Rozdział VII

536 36 4
                                    

Ola zaniemówiła. Wyglądało na to, że mówił prawdę.

-Więc co teraz z tym zrobisz?-zapytała przerywając ciszę.

-Sam nie wiem.. Policja olała ten temat. Powiedzieli, że sprawdzą, czy na prawdę ma jego telefon, ale wątpię, że się tym zajmą-odparł szatyn.

-Mhm.. wiesz, ja chyba mam pomysł.

-Jaki?

-Może uda nam się zebrać jakieś dowody, przyniesiemy im je i zobaczymy co dalej zrobią..

-O nie, to zły plan. Wolę załatwić to na własną rękę. Tata mojego kumpla pracował w policji. Może uda mu się zdjąć odciski palców z auta, którym się rozbił.

-No.. dobra-powiedziała z uśmiechem-Będę musiała już iść, mam dużo do zrobienia..

-Jasne, zaczekaj, odprowadzę cię.

***

Kiedy wróciła do domu, zajęła się nauką. Nic nie wchodziło jej do głowy. Postanowiła spotkać się z Karoliną. Napisała do niej sms z informacją, że wkrótce przyjdzie i tak też się stało.

-Co?-zapytała, patrząc na zdyszaną nastolatkę, wspinającą się po schodach-Kondycja?

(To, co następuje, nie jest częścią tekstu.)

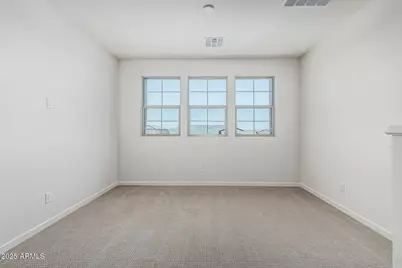 17322 W Puget Avenue, Waddell, AZ 85355 - Photo 31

-Uhh.. zdecydowanie..-westchnęła.

Poszły do pokoju Karoliny, gdzie długo rozmawiały. Pomimo wielokrotnie powtarzającego się pytania "Co u Michała?", nie miała zamiaru wciągać w to swojej jedynej przyjaciółki. Nie powinna o tym opowiadać innym, to w końcu jego sprawa, sama też nie powinna być w to zamieszana. Nie brakowało im tematów, rozmawiały o szkole, narzekały na nauczycieli, dyskutowały na tematy, takie jak buty, kosmetyki, śmiały się z źle dobranych podkładów. Spędziły popołudnie na niczym. Wieczorem poszły na miasto. Wchodziły do sklepów, oglądały towar, ale nie zamierzały nic kupować. Potem poszły do McDonalda. Zjadły frytki i korzystały z darmowego Wi-Fi. Kiedy zaczęło się ściemniać, każda poszła do siebie.

Ola zastanawiała się, jak może pomóc Michałowi. Przechodzi teraz trudne chwile. Pomimo, że on i jego problemy w ogóle jej nie dotyczyły, czuła, że powinna jakoś go wesprzeć. Jakby nie patrzeć, trochę jej na nim zależało.

***

Następnego dnia rano , gdy spojrzała na telefon, zobaczyła, że ma 3 nieodebrane połączenia od Michała. Oddzwoniła do niego.

-Hej, tak dzwoniłem. Mam do ciebie sprawę. Możesz dzisiaj po szkole podejść pod dworzec?-zapytał w pośpiechu.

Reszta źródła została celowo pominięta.